Revenues for publishers declined by 9 per cent in the second quarter, compared to the first, when revenues were up 11 per cent on the fourth quarter, according to the iSuppli research firm.

Its report says the pace of growth is slowing and one of the main problems for the industry is the small number of subscribers for mobile games. It suggests the demographic could be widened if games could take advantage of phones and be more networked and multiplayer.

A week ago, shares in Glu Mobile fell 33 per cent after it predicted a fourth-quarter loss of 6 to 7 cents a share, compared to Wall Street expectations of a loss of 2 cents.

It blamed slowing business in Europe where carriers were ordering fewer games as they changed the way they managed their businesses.

Analysts said the industry was suffering from growing pains. ISuppli suggests carriers are turning to the mobile video market instead, which it says holds the most upside potential of premium content categories.

Greg Ballard, Glu’s chief executive, visited us recently. He admitted the US was trailing Japan and Korea, where companies such as Namco and Sega were moving forward with multiplayer games on more sophisticated phones.

Glu was also still very dependent on carriers – 95 per cent of its games were delivered through 160 carriers. He expects downloads to shift more to the Web over the next three to five years, as well as to sideloading at retail through memory cards that handsets can now increasingly accommodate.

Glu sees itself as the most independent of the big three mobile game players in the West – Gameloft is backed by the video game publisher Ubisoft and Electronic Arts has bought Jamdat.

David Gosen, the head of mobile publisher I-play and another recent visitor, said Glu’s flotation on the Nasdaq in March has helped the profile of the industry.

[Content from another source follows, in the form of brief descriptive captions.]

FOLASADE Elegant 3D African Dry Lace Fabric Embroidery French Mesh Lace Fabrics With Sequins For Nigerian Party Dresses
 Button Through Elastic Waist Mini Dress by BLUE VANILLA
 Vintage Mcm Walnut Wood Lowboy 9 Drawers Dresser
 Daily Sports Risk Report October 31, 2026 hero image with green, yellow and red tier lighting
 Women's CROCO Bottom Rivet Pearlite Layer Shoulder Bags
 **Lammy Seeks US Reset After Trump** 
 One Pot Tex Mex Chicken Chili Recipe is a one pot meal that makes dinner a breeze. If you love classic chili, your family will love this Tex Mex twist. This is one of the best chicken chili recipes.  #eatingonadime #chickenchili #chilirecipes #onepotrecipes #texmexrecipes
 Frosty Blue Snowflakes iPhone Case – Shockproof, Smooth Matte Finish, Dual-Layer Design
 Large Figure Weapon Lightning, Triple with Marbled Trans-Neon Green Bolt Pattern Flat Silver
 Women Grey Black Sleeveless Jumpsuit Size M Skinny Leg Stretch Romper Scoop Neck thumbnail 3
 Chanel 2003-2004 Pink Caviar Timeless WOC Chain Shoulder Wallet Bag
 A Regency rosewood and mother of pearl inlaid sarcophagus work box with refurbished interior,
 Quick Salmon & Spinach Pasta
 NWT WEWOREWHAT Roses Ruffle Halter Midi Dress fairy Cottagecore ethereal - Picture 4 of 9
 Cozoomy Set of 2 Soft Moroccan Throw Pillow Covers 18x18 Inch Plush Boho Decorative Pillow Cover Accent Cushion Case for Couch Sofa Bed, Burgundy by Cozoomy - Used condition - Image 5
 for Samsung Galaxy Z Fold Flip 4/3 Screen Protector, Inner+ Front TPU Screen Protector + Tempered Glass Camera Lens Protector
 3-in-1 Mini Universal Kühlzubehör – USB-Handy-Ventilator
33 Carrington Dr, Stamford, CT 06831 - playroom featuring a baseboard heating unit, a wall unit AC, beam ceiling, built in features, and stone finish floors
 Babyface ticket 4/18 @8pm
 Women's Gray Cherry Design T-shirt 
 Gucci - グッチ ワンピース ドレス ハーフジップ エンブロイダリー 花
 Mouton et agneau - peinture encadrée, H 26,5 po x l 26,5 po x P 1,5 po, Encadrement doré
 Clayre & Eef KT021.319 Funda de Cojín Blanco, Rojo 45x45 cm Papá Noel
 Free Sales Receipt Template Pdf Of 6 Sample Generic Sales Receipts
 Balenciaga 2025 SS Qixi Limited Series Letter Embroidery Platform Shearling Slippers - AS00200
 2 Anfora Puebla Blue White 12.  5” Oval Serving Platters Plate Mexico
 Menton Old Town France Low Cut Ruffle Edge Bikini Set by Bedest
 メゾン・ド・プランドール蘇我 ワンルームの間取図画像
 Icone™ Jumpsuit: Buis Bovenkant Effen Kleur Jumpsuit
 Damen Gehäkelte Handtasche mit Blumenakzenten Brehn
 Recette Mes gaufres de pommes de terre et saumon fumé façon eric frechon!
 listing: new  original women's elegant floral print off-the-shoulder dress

He believes more user-friendly handsets, all-you-can-eat data plans and big brands entering the sector will unlock the market in a big way over the next 12 to 18 months.

ISuppli’s forecasts back him up – it expects mobile gaming revenues to nearly triple by 2011, growing to $6.6bn, for a compound annual growth rate of 23 per cent.

That makes this year’s second-quarter slump seem like only a pause in a game, before the industry leaps to the next level.